3. As to the Scienter. The charge of the court must be read as a whole (S. v. Exum, 138 N.C. 599; Kornegay v. R. R., 154 N.C. 389; S. v. Orr,175 N.C. 773), in the same connected way that the judge is *Page 755 supposed to have intended it and the jury to have considered it, and when thus read we find no reversible error. The judge told the jury several times, and especially in the last sentences of his charge, that the ultimate fact for them to find, beyond any reasonable doubt, was whether defendant received the goods knowing that they had been stolen, and the jury could not well have understood that this was not the vital fact in the case. He distinctly instructed them that they could not convict the defendant unless he received the goods "which he knew were stolen." There was strong evidence that he knew they had been stolen.
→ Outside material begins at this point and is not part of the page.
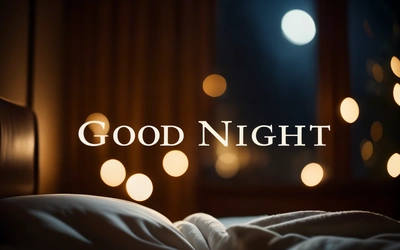 A bed with a white comforter and a night light in the background with the words good night on it in white letters over a bed, night, a digital rendering, dau-al-set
His concealment of them in the attic of his house, and especially of the waist on his person, was convincing proof of his guilty knowledge, under the circumstances surrounding the concealment. There is really sufficient evidence of a conspiracy between all the parties to commit extensive robberies or stealings by wholesale quantities. It is quite impossible to believe that the defendant did not know how the goods were obtained, and that his generous relatives did not come by them honestly. That which a man in the defendant's position should have suspected, the jury had the right to infer that he did suspect, as far certainly as was necessary to put him on his guard and on his inquiries, and they might conclude, if they saw fit to do so under the evidence, that he had made the proper and usual investigation and discovered the facts, if he was not already cognizant of them. 2 Wharton Cr. Law (2d Ed.), p. 1449; Collins v. State, 73 Am. Dec., 426;Comm. v. Finn, 108 Mass. 466; Frank v. State, 67 Miss. 125; S. v.Goldman, 47 Atl. Rep. (N.J.), 641; S. v. Adams, Anno. Cases, 1914 B, p. 1109, where the correct principle is stated and illustrated.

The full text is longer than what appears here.